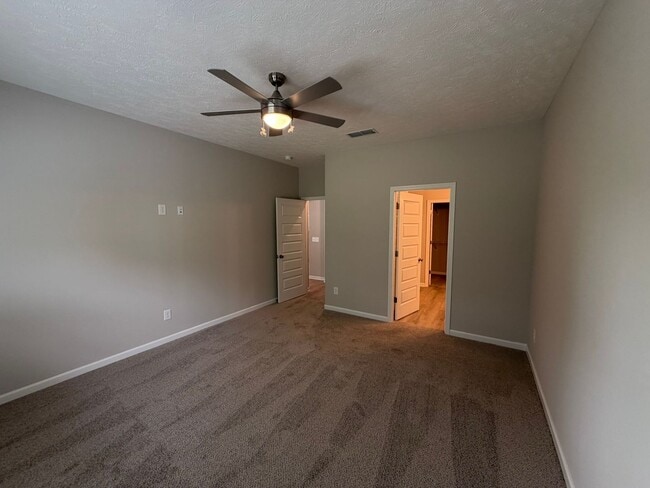 Building Photo - Brand New 4 Bed 3 Bath Townhome In Shelbyville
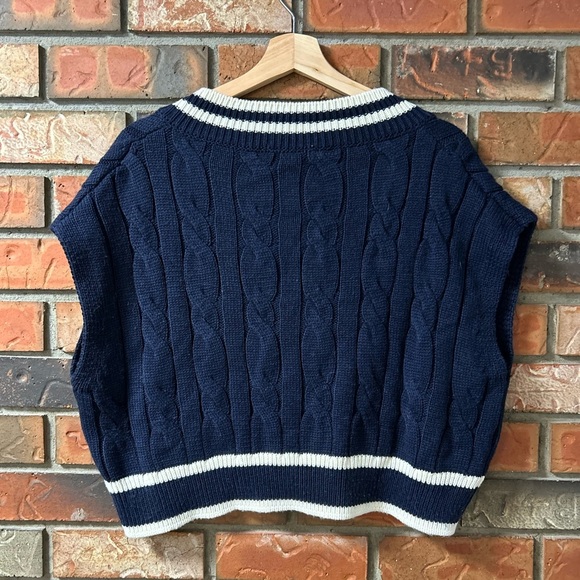 OAK + FORT Oversized Boxy Cableknit Academia V-Neck Sleeveless Sweater Vest - Picture 4 of 4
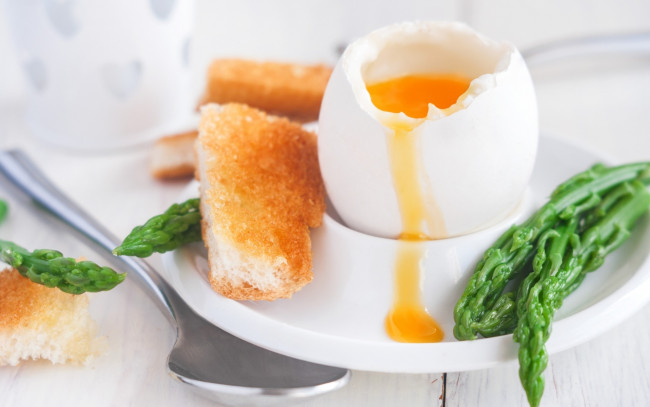 Обои картинки фото еда, Яйца, спаржа, всмятку, яйцо, завтрак, тост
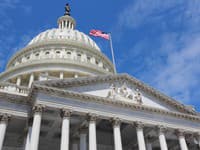 Snemovňa reprezentantov USA schválila návrh zverejniť spisy k Epsteinovi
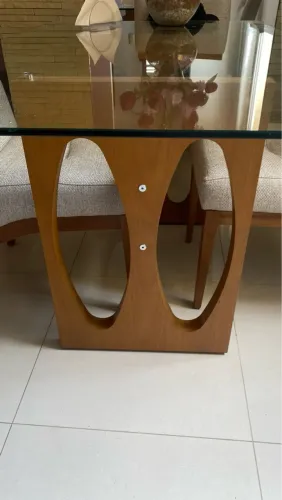 Vendo linda mesa de jantar
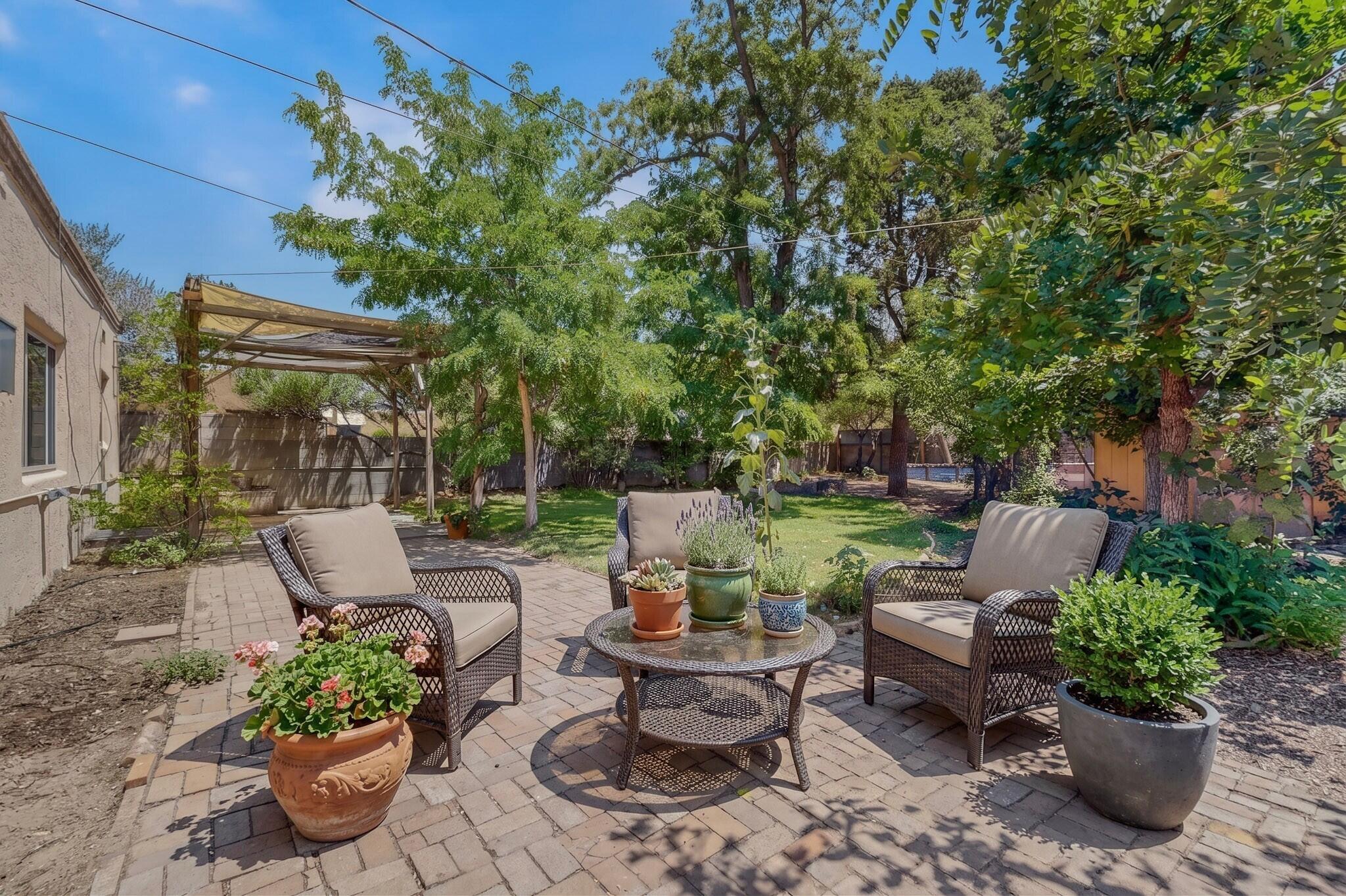 Photo 5 — 1608 Cardenas Drive NE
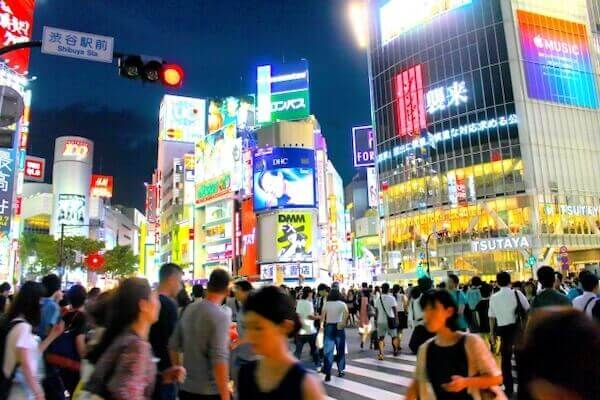 渋谷の夜のスクランブル交差点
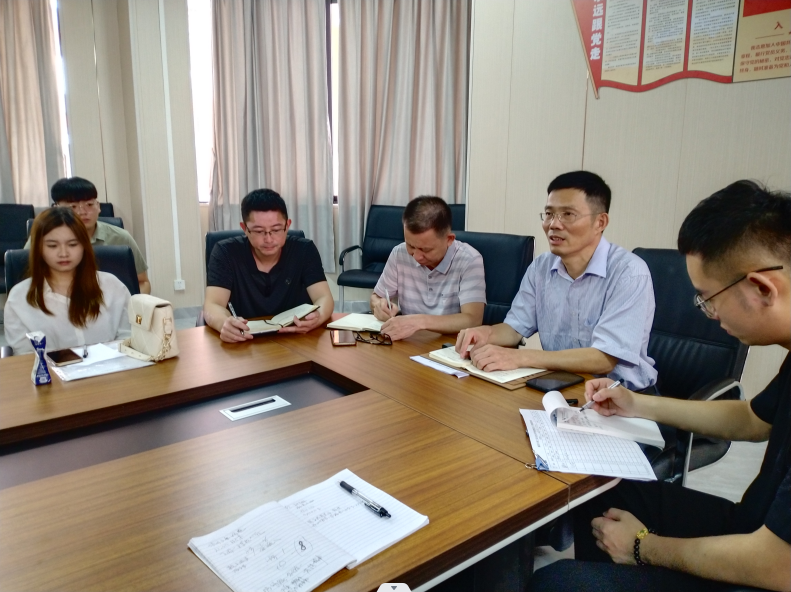 以研促教 研教结合——我校专题教研活动进行中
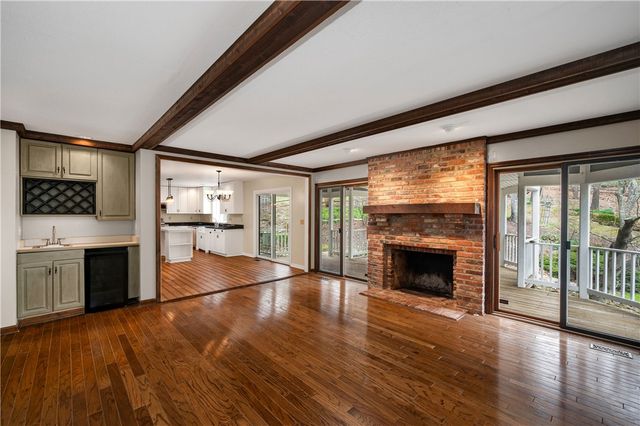 2395 Traci Dr, Franklin Park, PA 15237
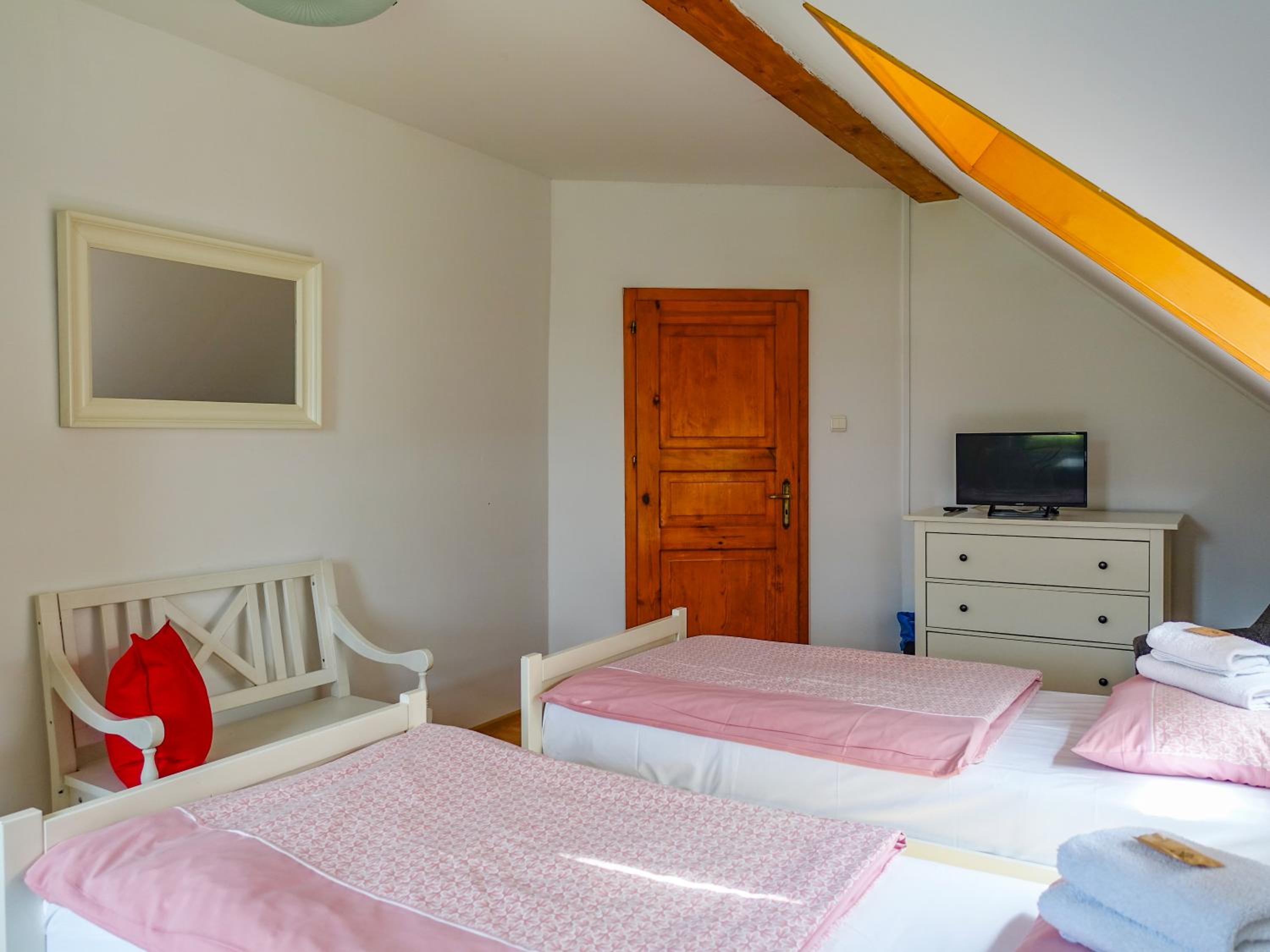 Large Double Room photo 2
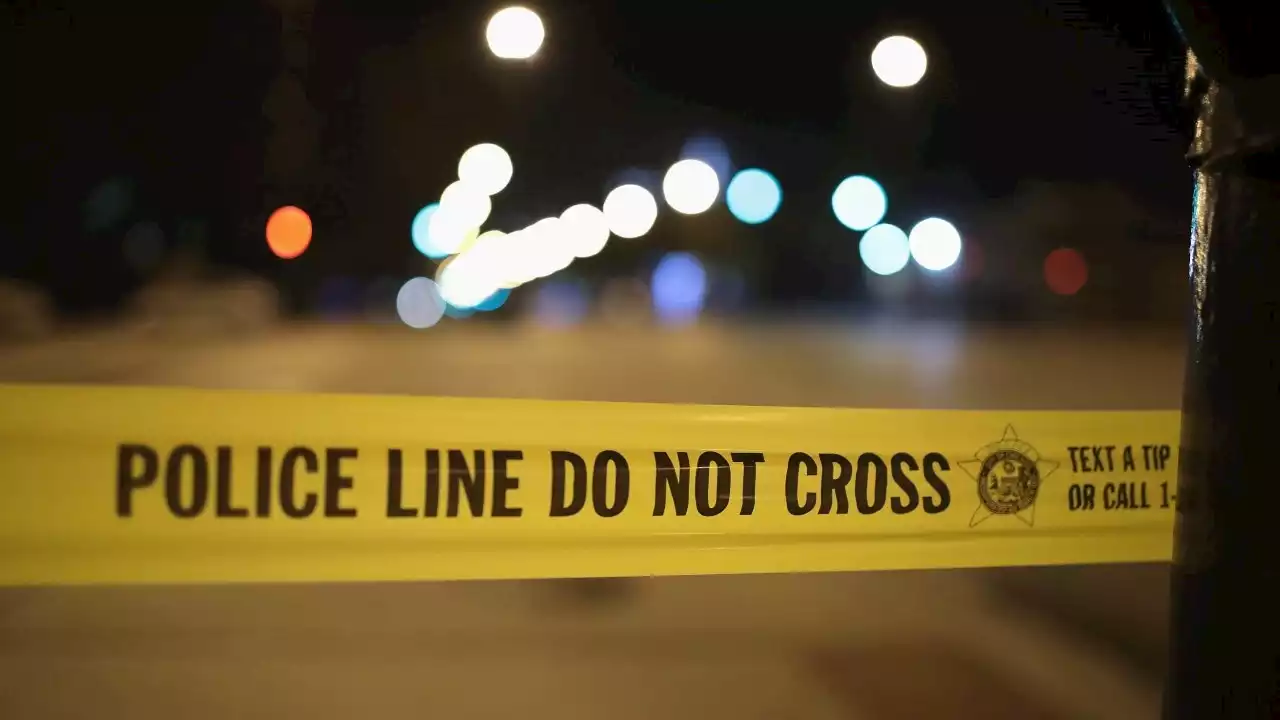 8 wounded, 2 fatally, in Chicago shootings Thursday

→ **WHAT THE EXERCISE ASKS**: Word for word, set down every line of the records above, and leave the pictures out.

→ **RESULT OF THE EXERCISE**:
 Building Photo - Brand New 4 Bed 3 Bath Townhome In Shelbyville
 OAK + FORT Oversized Boxy Cableknit Academia V-Neck Sleeveless Sweater Vest - Picture 4 of 4
 Обои картинки фото еда, Яйца, спаржа, всмятку, яйцо, завтрак, тост
 Snemovňa reprezentantov USA schválila návrh zverejniť spisy k Epsteinovi
 Vendo linda mesa de jantar
 Photo 5 — 1608 Cardenas Drive NE
 渋谷の夜のスクランブル交差点
 以研促教 研教结合——我校专题教研活动进行中
 2395 Traci Dr, Franklin Park, PA 15237
 Large Double Room photo 2
 8 wounded, 2 fatally, in Chicago shootings Thursday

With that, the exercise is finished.